• [Dataset content]:
· · ·

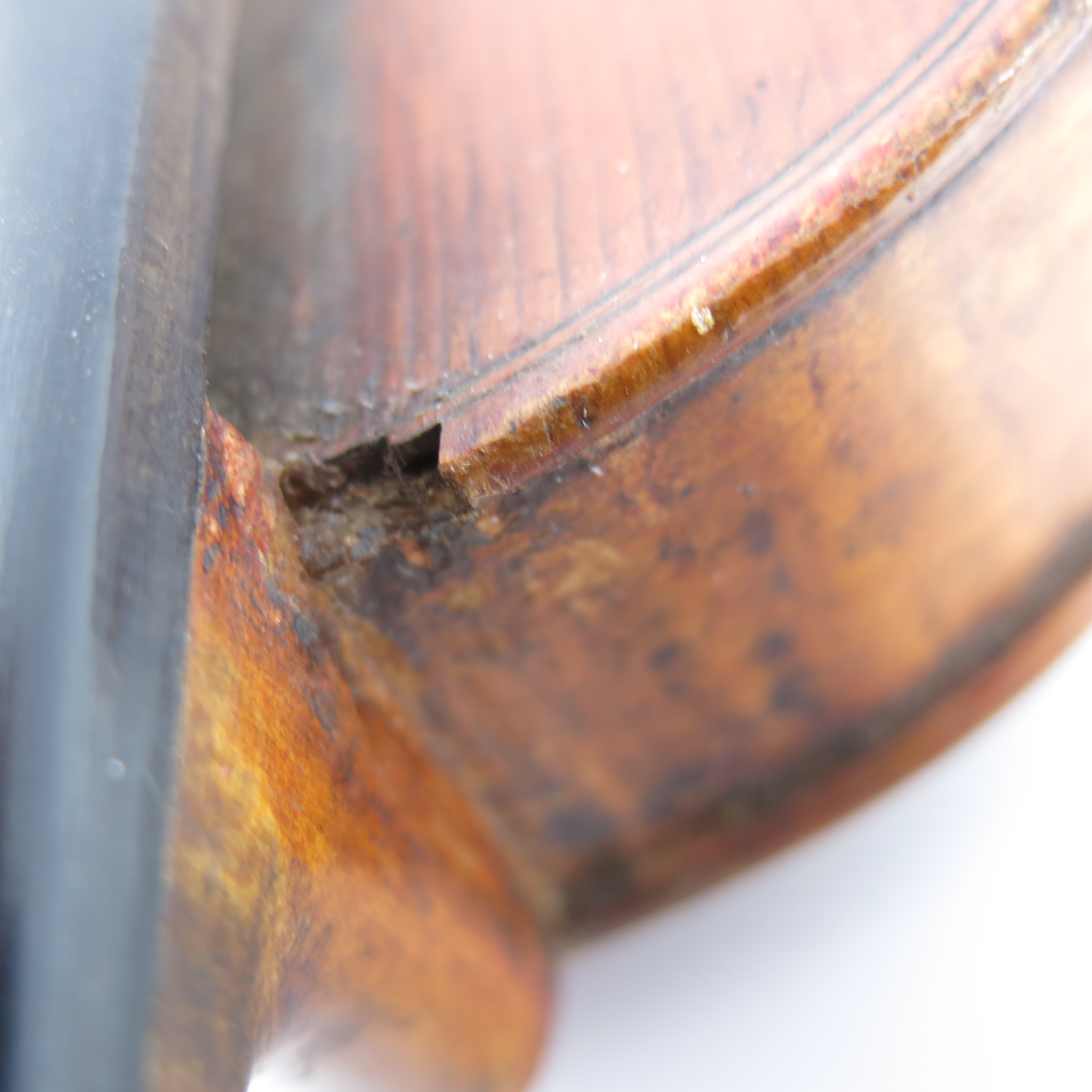 19TH CENTURY CHILD'S VIOLIN, APPROX. 47 cm OVERALL, BACK 29 cm INC. BUTTON, PROVENANCE RIPPLE HALL - Image 12 of 12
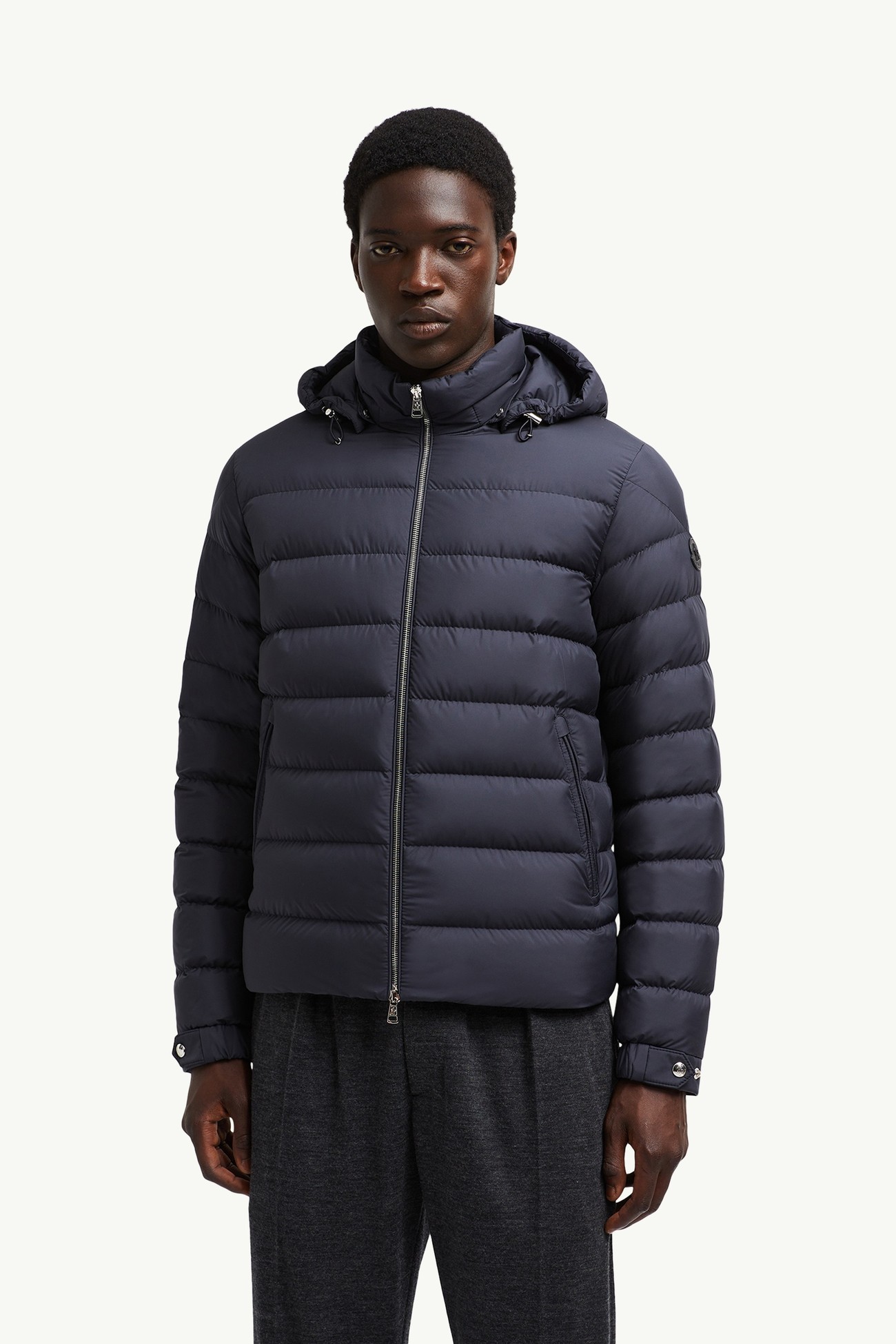 Piumino corto Arneb con cappuccio Uomo Blu Navy Moncler 3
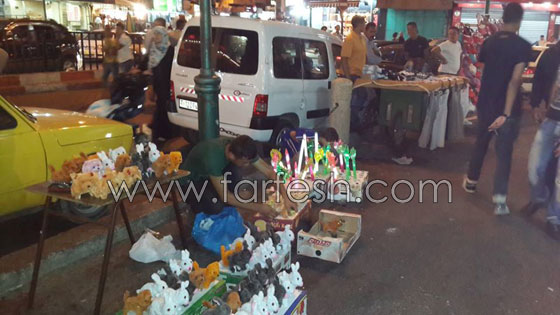 العاصمة الاقتصادية لفلسطين تعج بالأضواء وبهجة العيد  صورة رقم 24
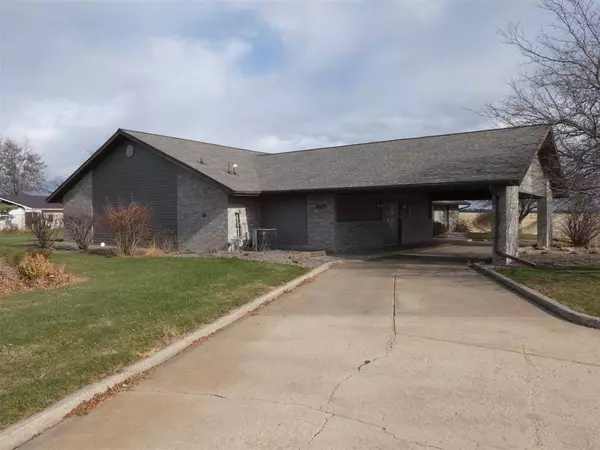 2025 Lincoln Ave, Fennimore, WI 53809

· · ·

• [Activity]:
From the line containing "Piumino corto Arneb" to the last line of the material, every line is to be reproduced exactly. No picture belongs in the copy.

• [Result of this task]:
 Piumino corto Arneb con cappuccio Uomo Blu Navy Moncler 3
 العاصمة الاقتصادية لفلسطين تعج بالأضواء وبهجة العيد  صورة رقم 24
 2025 Lincoln Ave, Fennimore, WI 53809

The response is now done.